The problem -
The listing below is to be duplicated exactly, with every picture omitted.

Source material -

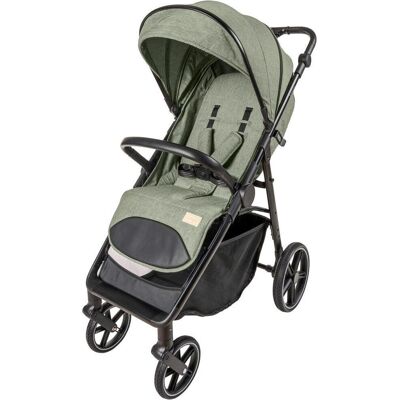 Jimmylee Buggy, Grün, Textil, 56x107x55 cm, EN 1888, Fußstütze abklappbar, kugelgelagerte Räder, 5-Punkte-Gurt, Griff in Lederoptik, Transportsicherung, Einhand-Faltmechanismus, abnehmbarer Schutzbügel, Baby on Tour, Kinderwagen, Buggys Jimmylee Buggy, Grün, Textil, 56x107x55 cm, EN 1888, Fußstütze abklappbar, kugelgelagerte Räder, 5-Punkte-Gurt, Griff in Lederoptik, Transportsicherung, Einhand-Faltmechanismus, abnehmbarer Schutzbügel, Baby on Tour, Kinderwagen, Buggys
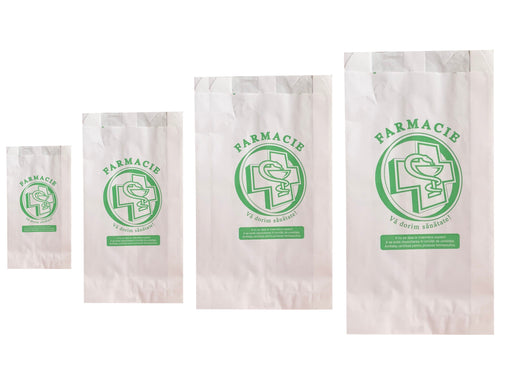 Pungi farmacie PLIC, model cruce - 9x15 cm - 3000 buc.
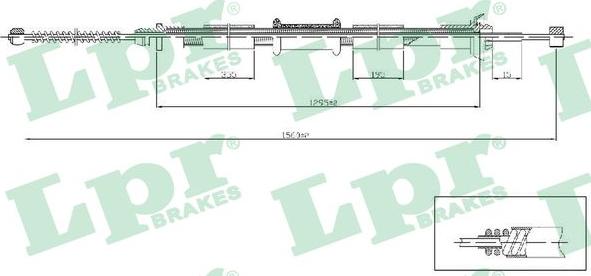 LPR C0653B - Cavo comando, Freno stazionamento www.autoricambit.com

Solution to this problem -
 Jimmylee Buggy, Grün, Textil, 56x107x55 cm, EN 1888, Fußstütze abklappbar, kugelgelagerte Räder, 5-Punkte-Gurt, Griff in Lederoptik, Transportsicherung, Einhand-Faltmechanismus, abnehmbarer Schutzbügel, Baby on Tour, Kinderwagen, Buggys Jimmylee Buggy, Grün, Textil, 56x107x55 cm, EN 1888, Fußstütze abklappbar, kugelgelagerte Räder, 5-Punkte-Gurt, Griff in Lederoptik, Transportsicherung, Einhand-Faltmechanismus, abnehmbarer Schutzbügel, Baby on Tour, Kinderwagen, Buggys
 Pungi farmacie PLIC, model cruce - 9x15 cm - 3000 buc.
 LPR C0653B - Cavo comando, Freno stazionamento www.autoricambit.com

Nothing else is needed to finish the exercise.